Design Led Venture – RACQ and Anti-ordinary
Over the course of 15 weeks, 20 students from St Paul’s School in North Brisbane across Years 7-12 have been engaged by two companies to help them solve business improvement challenges as part of a Design Led Venture.
The two companies were RACQ’s Youth Division (Free 2 Go), which specialises in insurance for people aged 16-24, and Anti-Ordinary, a startup which has designed a skiing/snowboarding helmet that looks like a beanie.
The students formed two teams (to work on a client each) and went through a Design Thinking process that was borne out of the Realms of Thinking teaching and learning model. The process included extensive client consultation, market research, ideation, prototyping, revisiting ideas, starting over entirely, designing a marketing plan, sourcing costs and delivery schedules, and ultimately presenting ideas to both clients that potentially transform their entire businesses.
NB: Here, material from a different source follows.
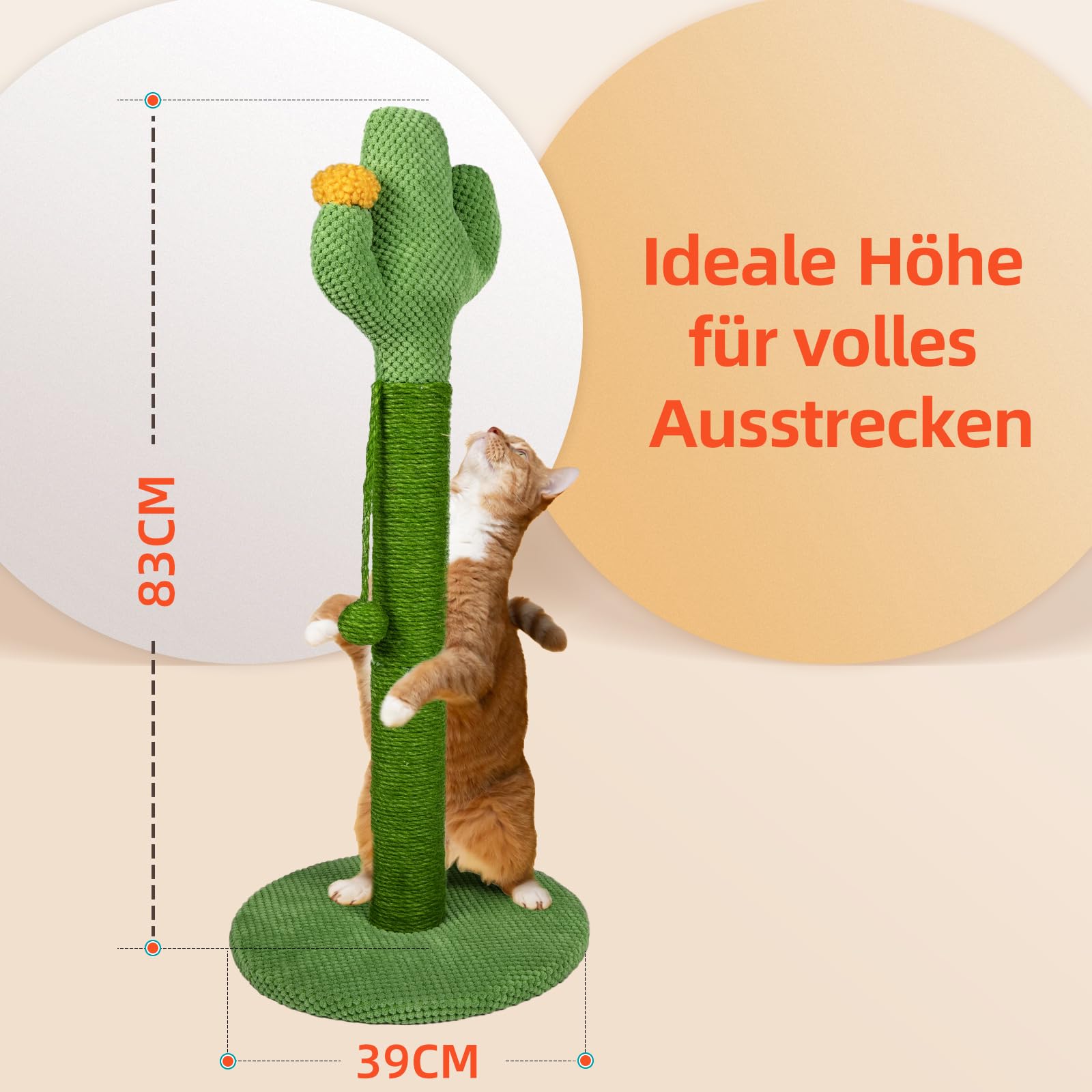 Mora Pets Kratzstamm 83 cm Kratzsäule Kaktus Kratzbaum Klein Kratz Kaktus für Katzen Cat Scratching Post Kratzkaktus Natürlicher Sisal Kratzstange Stabil, Grün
For Anti-Ordinary, the students renamed the company, named the product, and created the potential for Anti-ordinary to branch out beyond snow sports and into other sports like bike riding and skateboarding.
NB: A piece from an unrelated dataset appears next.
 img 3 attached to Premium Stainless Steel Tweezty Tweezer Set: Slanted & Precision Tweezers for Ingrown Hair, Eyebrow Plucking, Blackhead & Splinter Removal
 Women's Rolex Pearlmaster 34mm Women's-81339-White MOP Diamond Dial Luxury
For RACQ, the students again renamed the youth product division and came up with an entirely new business engagement strategy aimed at building brand loyalty for 16-24 year olds.
According to he CEO of Anti-Ordinary, “We’ve engaged professional consultancies and universities for this work and it hasn’t been half as impressive, practical or useful as the ideas put forward by the St Paul’s School students.”
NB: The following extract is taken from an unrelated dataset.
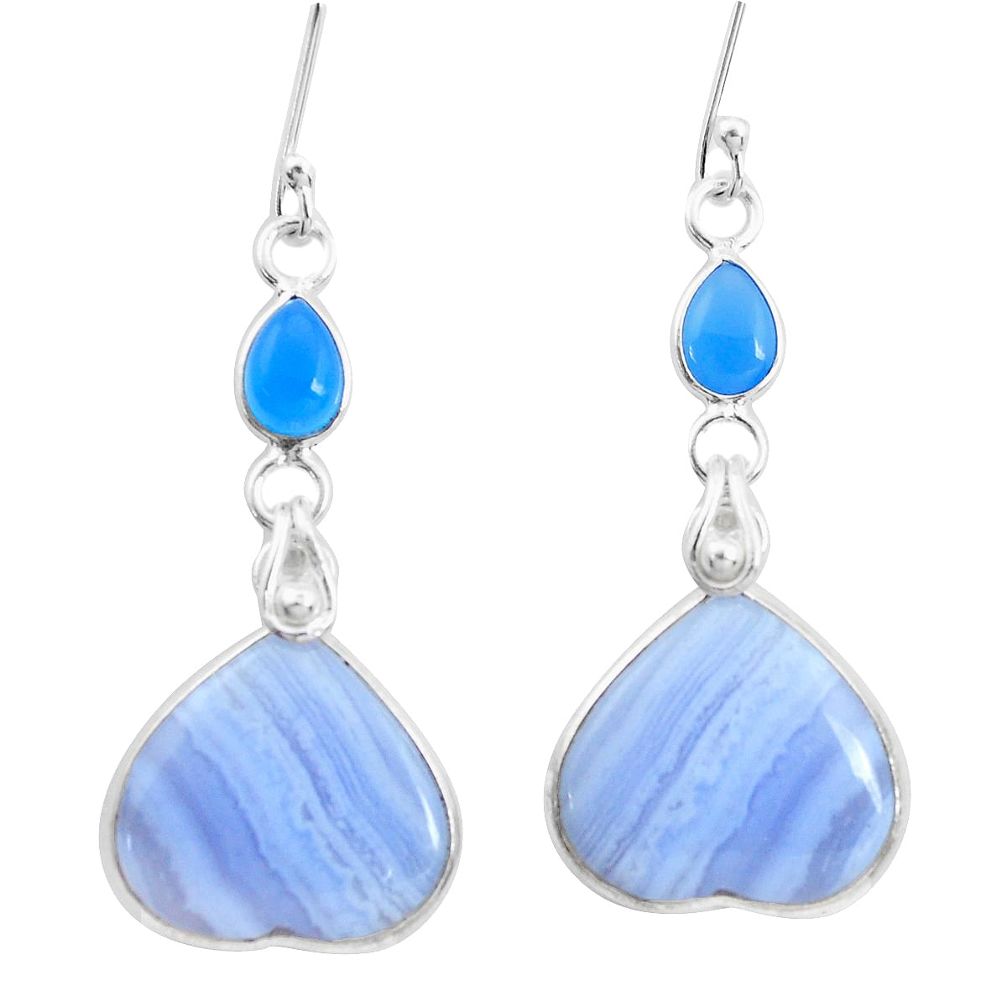 925 silver 16.50cts natural blue lace agate chalcedony dangle earrings p24609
The two business clearly realise the significant corporate advantages of engaging youth. Uninhibited by years in the corporate sector, the students aren’t afraid to dream and challenge preconceived norms. One of the key dispositions that Realms of Thinking seeks to develop is a students’ comfortableness with ambiguity. This is essentially the opposite of what standardised testing engenders – rather than trying to get a specific answer in a specific timeframe, the tolerance for ambiguity helps students wrestle holistically with challenges and often leads to really innovative solutions.
The only limit on what is possible in the future is the students’ imaginations.